Pour la ville dans laquelle vit la mère du héros, c'est Sam Shepard qui a suggéré Elko : "(...) nous voulions la faire habiter dans une petite ville du Nevada (...) Il y a là-bas une "tradition cow-boy" encore authentique qui n'a pas été gangrénée par la culture du jeu et des casinos, cette culture qui s'est emparée de toutes les autres villes du Nevada. Il y a aussi une tradition basque présente, parce qu'il y avait beaucoup de troupeaux de moutons. On y trouve encore une excellente nourriture basque, par exemple. Tout cela en faisait un mélange très intéressant et un cadre formidable pour notre histoire."

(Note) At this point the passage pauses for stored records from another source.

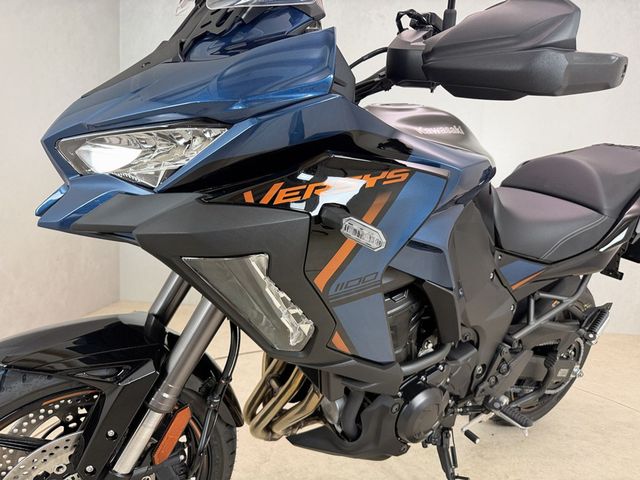 kawasaki - versys-1100-se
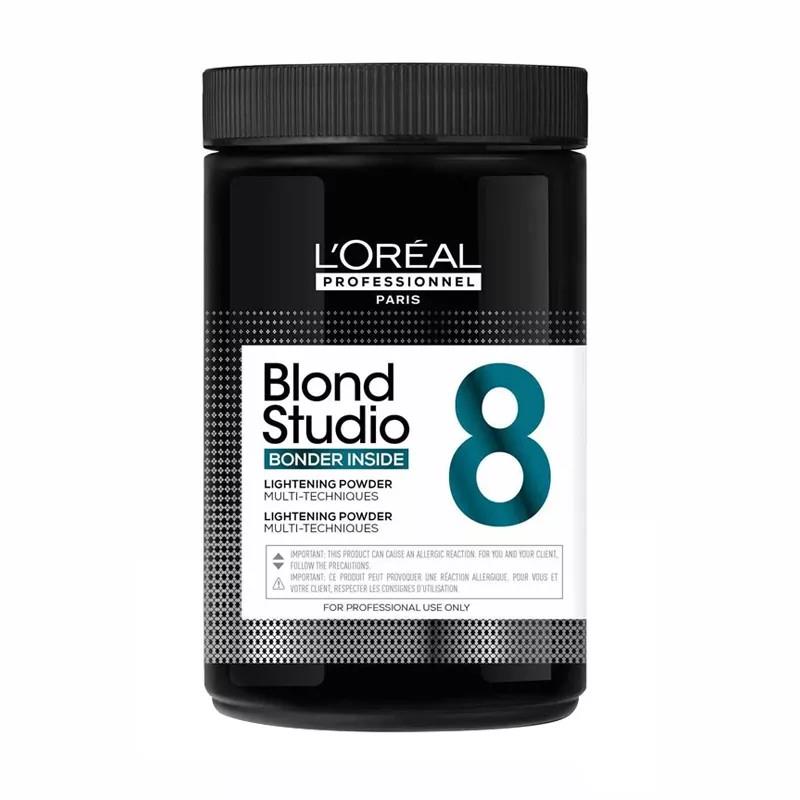 L'Oréal - L'Oréal Blond Studio Oryal 8 Saç Açıcı 500 gr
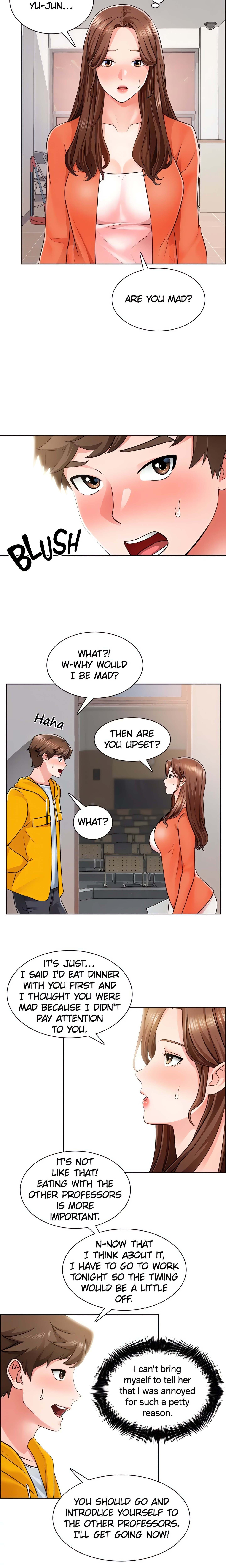 Love under Construction (Official) chapter 7 page 13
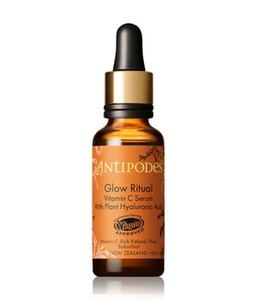 Antipodes, Antipodes Vitamin C Serum mit pflanzlicher Hyaluronsäure
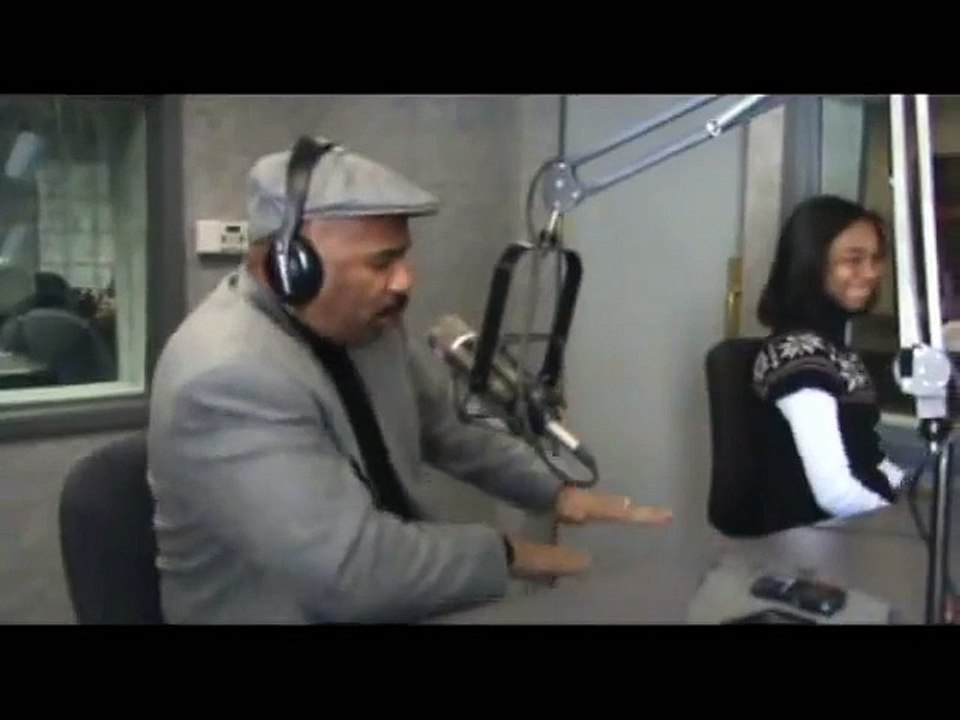 Steve Harvey on katt Williams New Years Eve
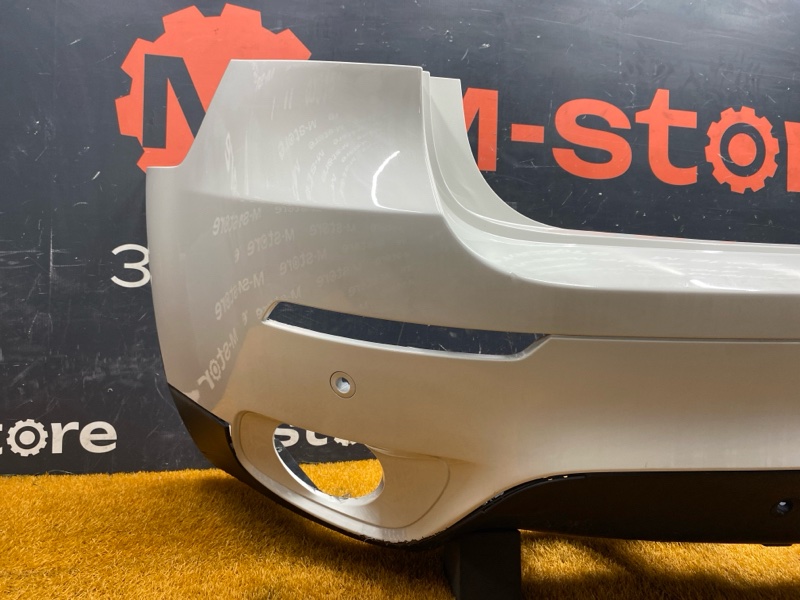 бампер, 18000 рублей, Красноярск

Enfin, pour les scènes de "film dans le film", Wim Wenders explique pourquoi il a opté pour Moab : "Moab a été choisie bien après. Sam et moi avions écrit les scènes d'ouverture et de fin en les situant à Monument Valley, que nous connaissions et aimions tous les deux. Mais les repérages à Monument Valley ont été très décevants. J'ai eu le sentiment que l'endroit avait perdu son âme et qu'il était devenu à jamais une sorte de "pays Marlboro". L'esprit de John Ford avait disparu, remplacé par un ersatz, le syndrome "véritable aventure pour touristes". Moab a été l'alternative. Il y a des paysages qui ressemblent à ceux de Monument Valley et John Ford y a tourné également plusieurs de ses grands films. En fin de compte, l'endroit est moins exploité, moins cliché." Parmi les films tournés à Moab, citons Rio Grande et Les Cheyennes de Ford, mais aussi Indiana Jones et la Dernière Croisade et Thelma et Louise.
Wim Wenders avait déjà dirigé Tim Roth dans The Million Dollar Hotel (2000).